Toll-like receptor 9 (TLR9) is a cellular
DNA-receptor, which is widely expressed in
cancer. Synthetic TLR9-ligands induce
cancer cell invasion in vitro, but the role of TLR9 in
cancer pathophysiology remains unclear. Increased TLR9 expression has been, however, detected in
estrogen receptor negative (ER-) breast
cancers. In this study, we investigated the effects of ERα expression and
sex steroid hormones on TLR9 expression in human ER+ (MCF-7, T47-D) and ER- (MDA-MB-231)
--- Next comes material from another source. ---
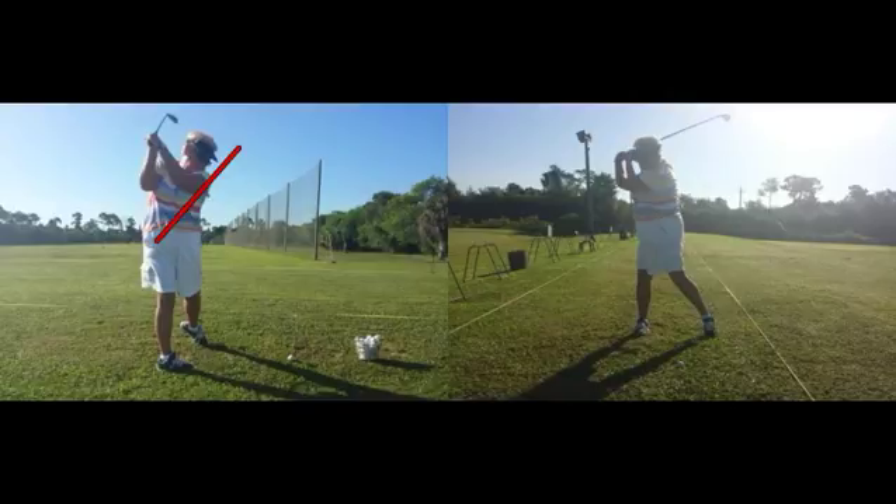One of your issues — remember — was trying to find the ground and hit it solid. From the face-on view, we see too much bending going on with the lead arm right there. The lead arm needs to stay pretty straight. That's the arm that finds the ground, so when that arm bends it makes it hard for us.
breast cancer cell lines in vitro. We also studied TLR9
mRNA expression in archival
breast cancer specimens (n = 12) with qRT-PCR, using primer sets that detect only the TLR9A
isoform or the
isoforms A and B (TLR9A/B). The TLR9
mRNA expression was detected in 10/12 specimens with both primer sets, and in 1/12 with only the TLR9A or the TLR9A/B primer sets. The basal TLR9
mRNA expression levels were significantly lower in the ER+ cell lines as compared with the ER- MDA-MB-231 cells. The transfection of ERα
cDNA into MDA-MB-231 cells also resulted in down-regulation of TLR9 expression. While sex
steroids had no effect on TLR9 expression in MCF-7 cells,
testosterone (10(-8) M) induced TLR9 expression in MDA-MB-231 and T47-D cells. Although
bicalutamide blocked this
testosterone effect in MDA-MB-231 cells, in T47-D cells
bicalutamide increased TLR9 expression and only partially blocked the
testosterone effects.
Estradiol (10(-8) M) induced TLR9 expression in T47-D cells. The invasive effects of synthetic TLR9-ligands were augmented by
testosterone in vitro. This effect was lost in TLR9
siRNA MDA-MB-231 cells and also decreased by over-expression of ERα, which also inhibited NF-κB activation by TLR9-ligands. In conclusion, expression of TLR9
isoforms A and B can be detected in clinical
breast cancer specimens. The ERα and
sex steroid hormones regulate TLR9 expression and invasive effects in the
breast cancer cells. Also, the commonly used hormonal
cancer therapy bicalutamide affects TLR9 expression.